Just redid all the upper and lowers on my Dino, stripped, primed and then used Satin Rustoleum. Considered powder coating, but my mechanic was anxious for the parts. Satin rustoleum black matched the factory look, exactly. I did get my wheels powder coated, and they have held up remarkably well. DM
Verell and I powdercoated my rear A arms last winter when I did a suspension rebuild. It was a pain in the butt sandblasting the arms, but the powdercoating itself was pretty easy and they came out nice. If the archives are ever up again, you can check out the pictures of the process. We actually did the powdercoating at Verell's house. He has an old kitchen oven in the garage and his own powdercoating gun. It's pretty easy. The sandblasting is the hard part. When I do the fronts, I probably won't go to the hassle. I'll just clean the arms up and re-paint them! Birdman
Birdman - did you consider chemical acid dip on the suspension members? I just took my doors in to have them dipped for stripping. The chemical process will destroy any rubber, plastic, fiberglass, etc. But steel members should not be a problem (I assume that the suspension members are steel). I have a cabinet sand blaster, so I can do either. The cost of chemical dip stripping is not prohibitive, and if the sandblasting is as much of a pain as you describe, perhaps the chemical dip is a better approach. Your opinion is appreciated. This company in Garden Grove, California, will dip the entire car. However, any fiberglass will be destroyed. As you know, much of the car's wheel well, instrument area, trunk, etc., is made of fiberglass. This fiberglass can be removed, but likely more trouble than its worth. Thank you for your input. Jim S.

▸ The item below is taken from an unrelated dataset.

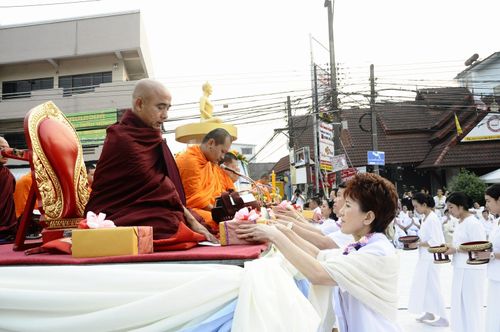 ภาพ No.8476:  ตักบาตรพระสามแผ่นดิน พระ 3,333 รูป บริเวณด้านหน้าด่านศุลกากร อ.แม่สาย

What about coating the Cam Covers. Will the process warp the cast Aluminum on older cars. Should you do the inside too?Does the wrinkle finish look good?

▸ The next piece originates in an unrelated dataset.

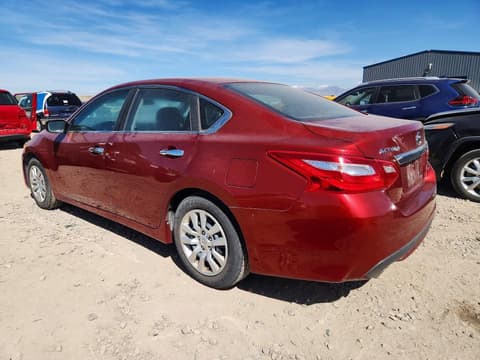 2016 Nissan Altima, VIN 1N4AL3AP1GC224840. Фото 2 з 6 з аукціону Copart. Каталог авто зі США OpenDataCar.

Dipping is usually only done to the shell of the car. In other words during a ground up restoration. Remove everything, and I mean everything, then send it to be dipped. It will give you a bare metal finish free of rust or any other contaminants. But, have your ducks lined up if you do this. Once you have it done it doesn't take long for surface rust to show up on the bare metal. Do it and have the paint booth/body shop booked in advance. They'll still have to do prep work to the body but, they won't be working on top of other paint work. Here is a good primer on different paint removal choices. http://www.scottgrundfor.com/ideas/paintoff.html
Glassman, Verell knows more about this, but I have seen wrinkle-finish powder coating done on the intake plenum on John Wise's QV rebuild and it looked excellent. I'm sure it would work fine and look fantastic on the cam covers. You definitely wouldn't want to do the inside though. Birdman
My A-arms are about to go to sandblast then powdercoat. Having had LOTS of experience with spray can applied paint I can say without a doubt that powdercoating is much stronger and more durable than spray paint. They both look the same right away but down the road is where the difference shows. Powdercoat is very resistant to chipping and can be powerwashed clean to look like the day it was applied. You will probably find that most powdercoaters charge a minimum fee (less than $100) and your 8 arms will fall under that fee. When you look at the cost of approx 3-4 good cans of spray paint plus prep time and materials, going the powdercoat route is much better. My .02
Allen, I plan on doing it myself. Parts on order, jack stands ready. Am I crazy or what?! So, you think just spray painting the arms would be sufficient? Greg
Spray painting is a reasonable finish, after all, that's what Ferrari shipped on the a-arms. However, for spray painting to hold up, you've got to strip all remnants of the old finish off, put on a good coat of self-etching primer (SEM makes a good spray can one). Then spray several coats of the finish. The work is always in stripping the old finish. Doing it right takes time. In spite of what Birdman says, sand or other media blasting is about the cheapest & fastest way to strip & clean a metal surface for refinishing. Chemical stripping is also reasonable if you have a stripping service within reasonable distance. I prefer powdercoating as it's a tougher, more chip resistant finish. I find that it's actually less total work to powdercoat than to paint. The one negative for powdercoating vs paint is that powdercoating is typically slightly more porous than paint, thus does not provide quite as much protection in salt spray tests. This can be overcome by applying a 2nd coat over a partially cured initial coat. The 2nd coat will flow out well & more thoroughly seal the surface. In the real world of most Ferraris, I believe that chip resistance is a big win for powdercoating over paint, even in a corrosive (humidity, water, salt, etc.) environment. Once small bits of gravel, sand, etc. on the roads chip the paint it will actually let the underlying metal corrode faster than will powdercoating's slightly higher initial porosity, but higher chip resistance. Also, most Ferraris don't tend to get driven in corrosion promoting environments in the first place. BTW, powdercoating is really really tough. I've had to try to remove some when I managed to blob the surface while having trouble with my powdercoating gun. Tried sandblasting. It just dulled the surface, but WOULD NOT STRIP IT! I ended up having to bake the parts at 550 degrees for several hours to break down the powdercoating so I could sandblast it!! BTW, Birdman, remember we were having clogging & media feed problems with my blast cabinet, that's why blasting your A-Arms took so long. Once I got hoses that didn't kink, and a reasonably dry air supply my sandblasting sysem works lots faster. BTW, many auto machine shops & the larger NAPAs have a media blasting and/or chemical stripping service.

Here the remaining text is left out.